- Action item:
Every record is to be printed exactly as written; pictures are to be omitted.

- Records shown:
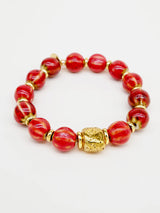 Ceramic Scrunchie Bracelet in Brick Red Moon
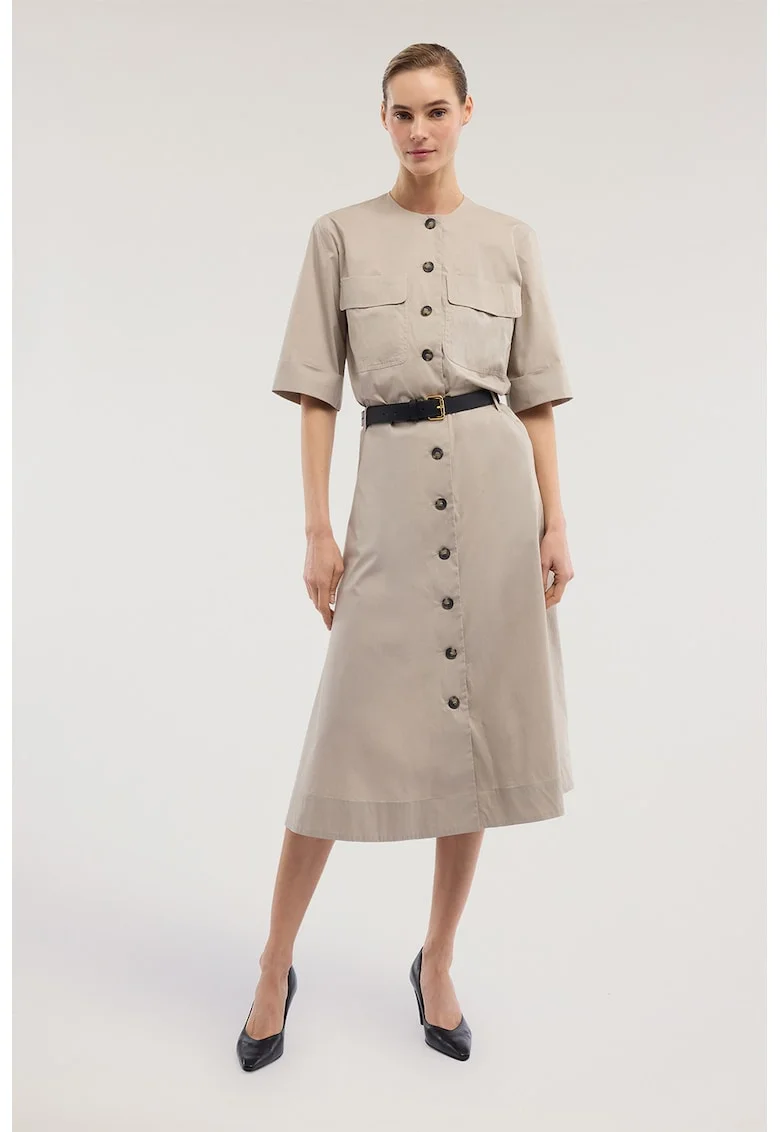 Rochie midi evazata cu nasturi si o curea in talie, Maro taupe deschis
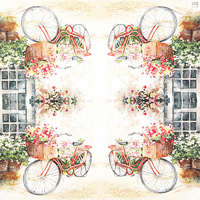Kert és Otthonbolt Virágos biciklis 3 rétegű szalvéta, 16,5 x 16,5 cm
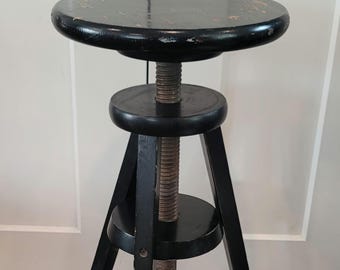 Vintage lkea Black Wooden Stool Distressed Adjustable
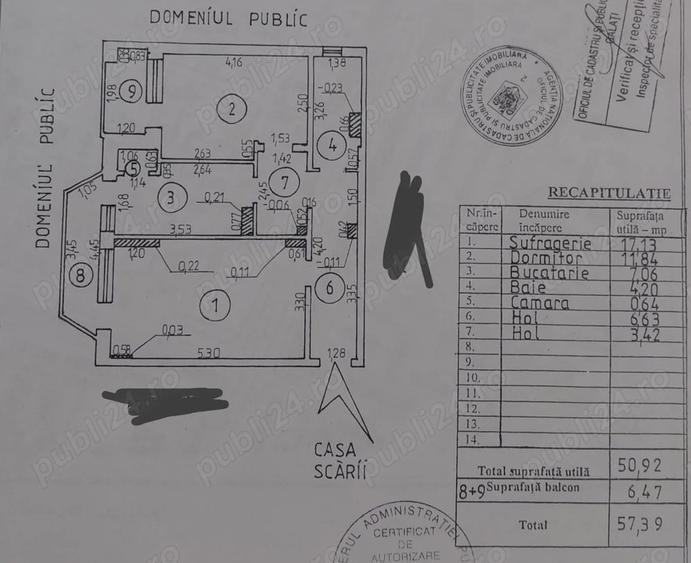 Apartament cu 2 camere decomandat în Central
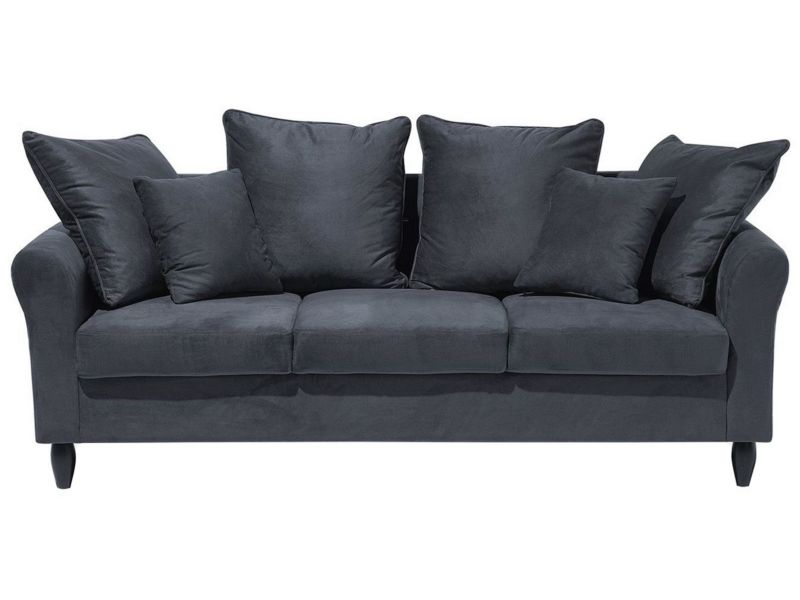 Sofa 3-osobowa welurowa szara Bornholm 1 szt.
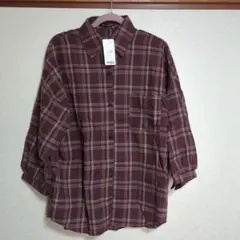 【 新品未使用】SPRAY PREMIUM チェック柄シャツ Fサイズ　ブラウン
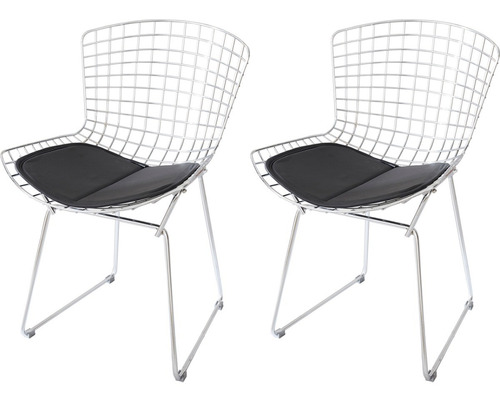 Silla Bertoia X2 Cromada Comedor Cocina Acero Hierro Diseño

- Answer for the task:
 Ceramic Scrunchie Bracelet in Brick Red Moon
 Rochie midi evazata cu nasturi si o curea in talie, Maro taupe deschis
Kert és Otthonbolt Virágos biciklis 3 rétegű szalvéta, 16,5 x 16,5 cm
 Vintage lkea Black Wooden Stool Distressed Adjustable
 Apartament cu 2 camere decomandat în Central
 Sofa 3-osobowa welurowa szara Bornholm 1 szt.
 【 新品未使用】SPRAY PREMIUM チェック柄シャツ Fサイズ　ブラウン
 Silla Bertoia X2 Cromada Comedor Cocina Acero Hierro Diseño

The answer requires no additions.